At our last house, there was a fountain and pond in the small courtyard and so we cleaned it all out, Ben fixed the pump and we got fish! Quite a lot of little fish. I would spend hours sitting pond-side beneath the dense canopy, procrastinating from study, watching them. They would come to the surface and watch me too. Actually, they probably just wanted to be fed treats. They came with us when we moved out here and though sadly not all of them survived (we moved on the hottest, longest December weekend possible), we soon had three fish tanks inside full of fishlings. We had one big tank in our bedroom which I could watch for hours.
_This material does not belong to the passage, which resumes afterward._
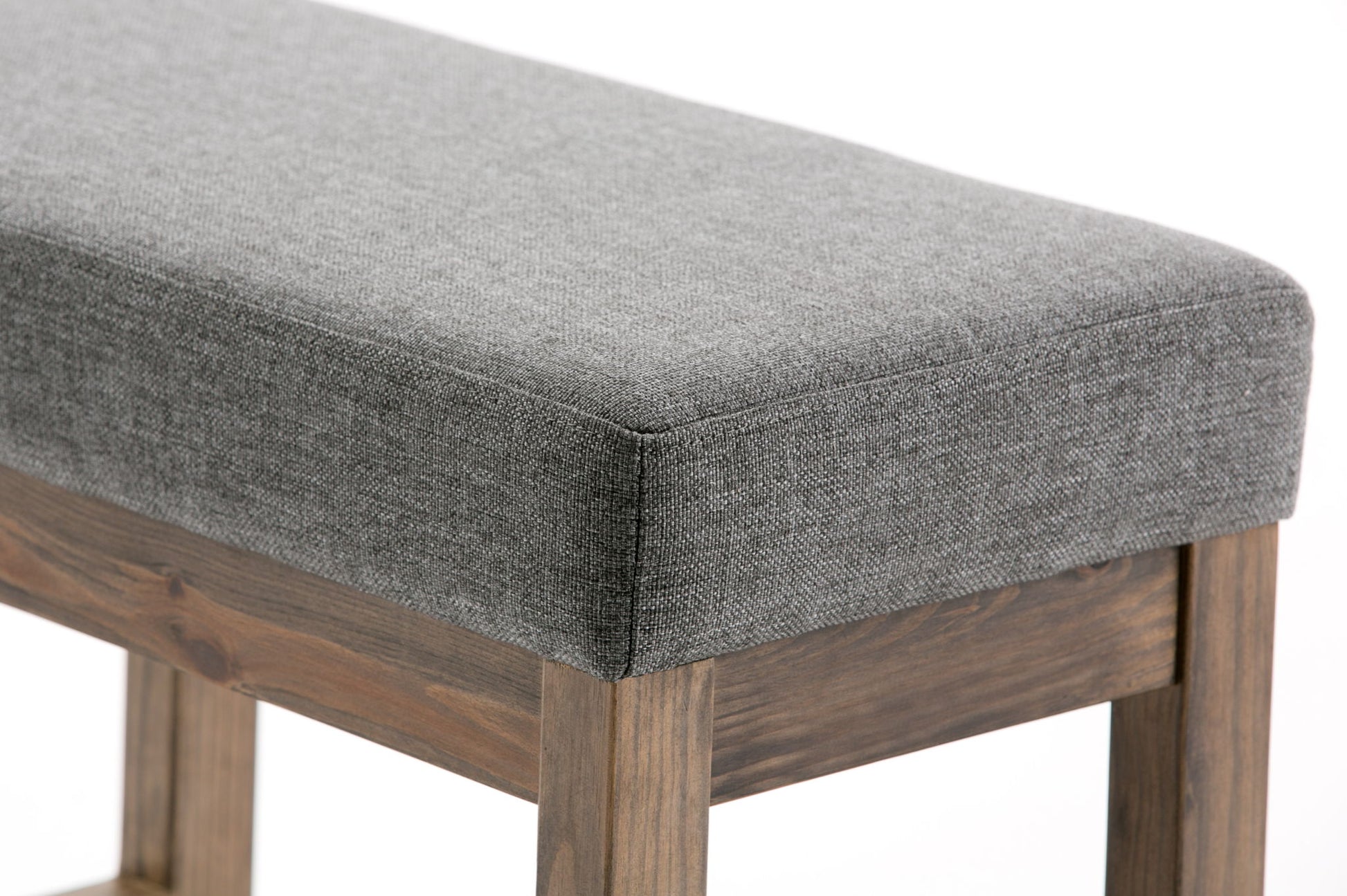 Close-up of the Milltown Upholstered Ottoman Bench, featuring a grey cushion and wooden legs, set against a plain white background.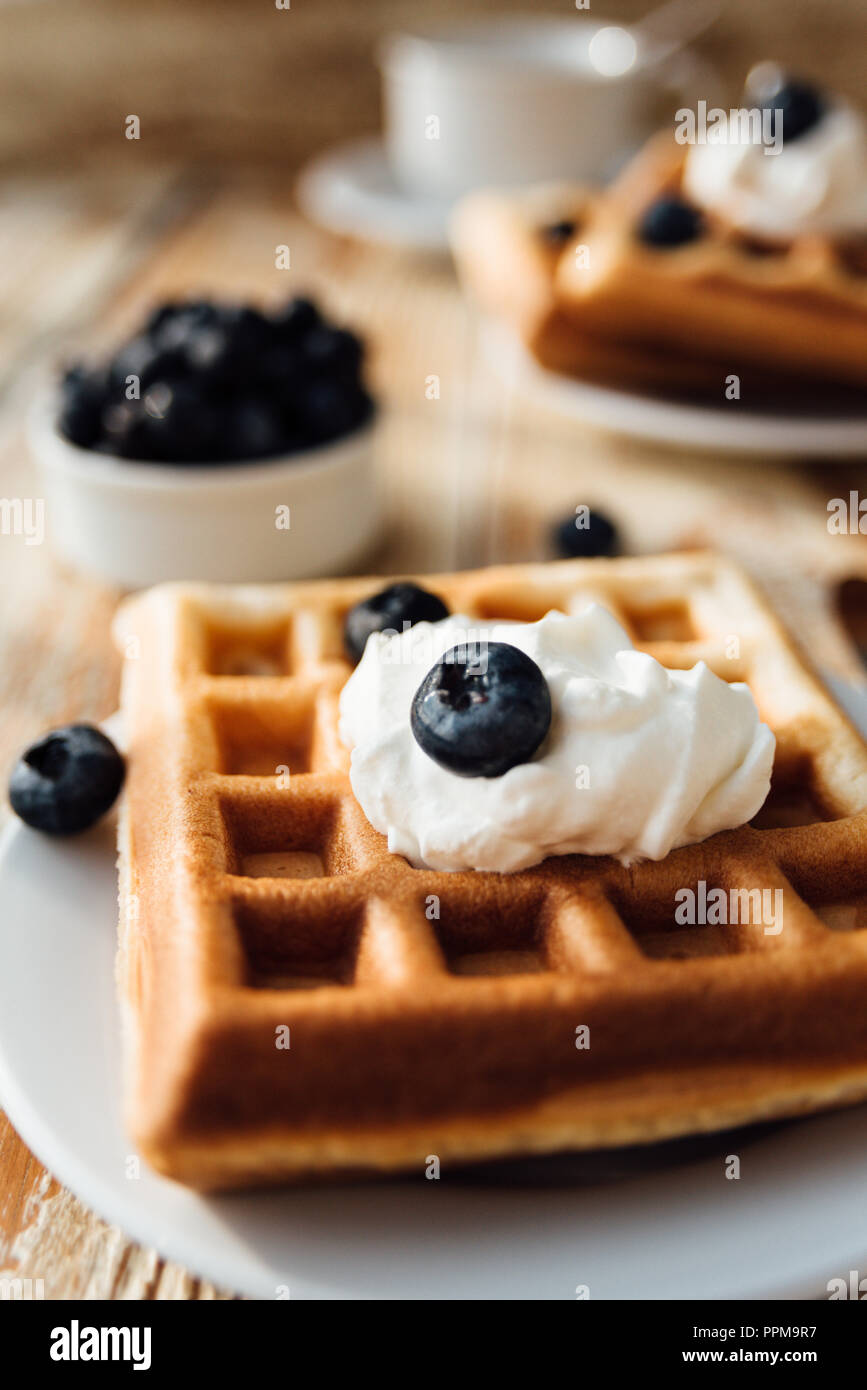 Brussels waffles with blueberry and whipped cream on wooden table at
But keeping fish indoors is a lot more work than keeping them outside in a pond, and after a year or two, I got pretty sick of the pump noise, the delightful waft of fishy water, and the constant cleaning (which I usually left for Ben to do, how nasty). So we converted a half wine barrel into a little pond by stapling a plastic liner to the top inside edge, which we covered by U-nailing down lengths of split black retic pipe over the top edge, and moved the fishlings outside. Its not fancy, but it works and it didn’t cost us anything! Three fishes have survived the transition outdoors – one paradise fish is an original from our rental in East Fremantle! What a trooper.

fish pond and herb bed

I think they are much happier to have their fish privacy, little dark places to hide under rocks and plants, rather than living behind glass to be gawked at by silly humans. I mean, I still gawk at them, but they have the option to flee if they want! Their little home is wedged in the corner of the herb bed, so there are lots of unsuspecting insect victims that come to visit the fish. Hehe. And we like to find grubs and worms for them, as a treat. Spoilt fish!

blue wren visitor

The blue wrens have been coming to visit a lot lately. A brightly coloured boy was pecking around near the back door this morning, but he was too quick for me to picture him. This little bird in the pic only has a blue tail (the colouring of either a girl or adolescent male), and was quite friendly, with lots of happy-sounding twitter as she bounced around our capsicum plants. They like to do a group pass along the back verandah and chomp down all the spiders and bugs that accumulate due to the aforementioned laziness. We leave the webs as we’re always keen to recruit spiders to fight the bloody flies for us! If only we could find something willing to take on the wasps and save us the chore…

where's the fence

There’s a hint of fence to be seen here, but not much. A self-seeded rogue pumpkin has completely swamped the straggly bougainvillea. We have another bogan (not that kind!) which we’re training to screen our bathroom window, doing much better than this poor little guy. It’s no worries though, he was a freebie. I plonked him there, hoping his thorns might deter the kangaroos from knocking down the fence rails. All it has done is alter their course! Cheeky buggers.

pumpkin lawn

Still more pumpkin tentacles are helping to shield the growing lawn from the harsh sun. Our house was built facing the wrong direction, and really the hillside opposite would be far more comfortable in summer. As it is, we get burning sunlight which is truly unbearable from about midday onwards, relentless until about six or seven when it disappears over the hill. It would be the perfect spot if you wanted to build a gigantic oven…

I’m not a fan of summer so its easy for me to forget what’s so good about this place at this time of year. But you can’t have everything! Before it gets too hot, its worth enjoying those small things that make you smile. Even if the jobs have to wait.